Children's Memorial's website has been doing very well over the past few years. Traffic is up considerably, job applications have increased by several factors, additional "long tail" clinical content (material about rare conditions) has greatly improved Google rankings, and more new patients find the hospital through the website. The site has also recently won several national design awards. But in the rapidly evolving Web world, if you're not getting better, you're getting worse. Our task is to find ways to get better.

The challenge

How do you make it easy for parents to find information that encourages them to choose Children's for their kids' medical care? And how do you discover opportunities to better support referring pediatricians and clinics?

"Ah ha!" moments

"Health topics and conditions" link misnamed. CMH staff understood that this link was to a glossary of medical terms with one-line summaries. Parents thought that it linked to detailed descriptions of medical conditions. This confusion often discouraged further exploration of the site.
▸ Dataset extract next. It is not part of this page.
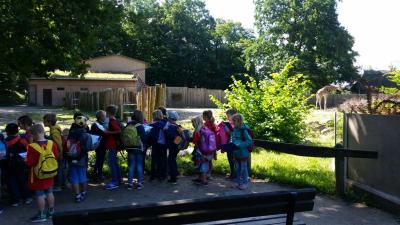 Foto des Albums: Zooschule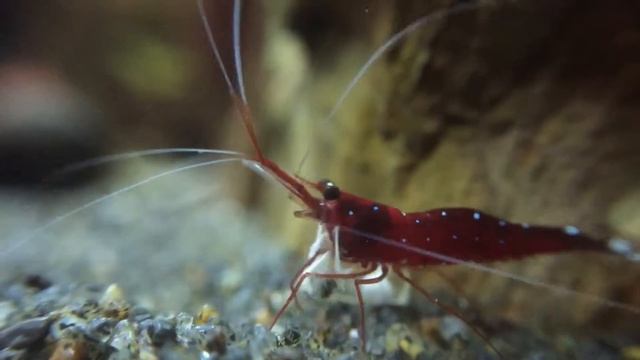 Cardinal shrimp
"Outside in" versus "inside out" thinking. When parents search for a doctor, they assume that "locations" refers to where parents live, not where care is delivered. Parents look at the site from "outside in;" we look from "inside out." We needed to make changes that support their point of view.
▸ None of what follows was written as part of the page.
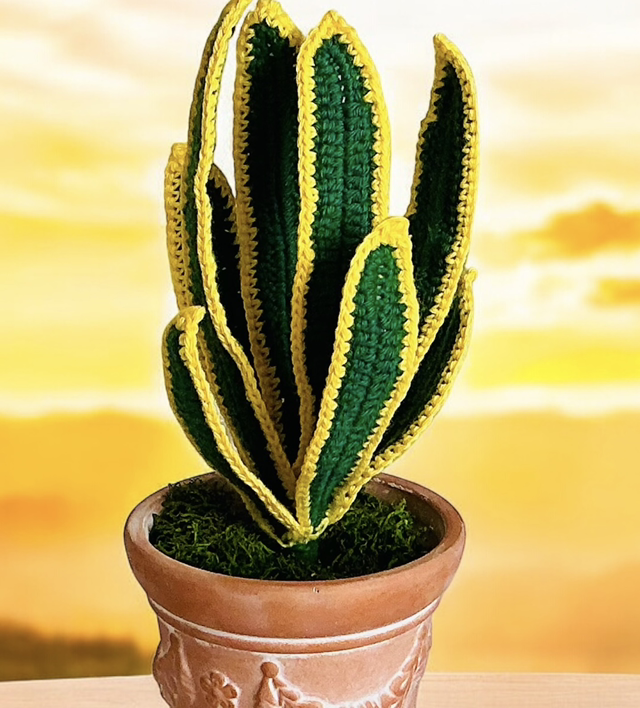 Mother-Laws-Tongue Houseplant. Handcrafted Crochet plant.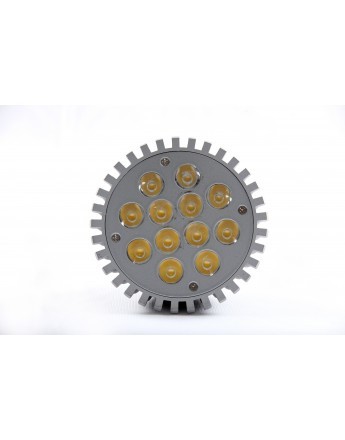 FortuneArrt 12 WATT LED Par Lamp FortuneArrt 12 WATT LED Par Lamp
Simpler is better. Many job seekers can skip two out of five application screens without harm.

Affinity wall. Before preparing the findings-and-recommendations presentation, we arranged the massive number of comments and observations (affinity notes) on a wide wall and categorized them in order to detect patterns.

Our approach

How the contextual research project progressed:

  • Design the research. We reviewed the entire site and Google Analytics reports. We met with marketing personnel to learn which areas are important from a business point of view. We wrote scenarios and questions for interviews and listening lab usability tests which were reviewed and approved by the hospital.
  • Run the tests. We conducted interviews and listening labs with 17 people, including parents, doctors, nurses, and staff.
  • Analyze the results. We viewed screen and voice recordings, transcribed revealing portions onto "affinity notes," and sorted them into related functional and conceptual categories. After comparing the notes with applicable portions of the website, we devised a list of possible improvements.
  • Present our findings. We created an extensive summary, including audio and video snippets, and presented them to the client.
  • Improve the website. We are making many of the changes we proposed and will test our solutions with several visitors.

Since Children's Memorial Hospital engaged Webitects—and in July 2005 launched a redesigned site using their custom content management system—childrensmemorial.org has won several major design awards.

In my experience, Webitects does far more than create pretty pages; they have been proactive business partners, helping us to problem-solve and think through a variety of issues.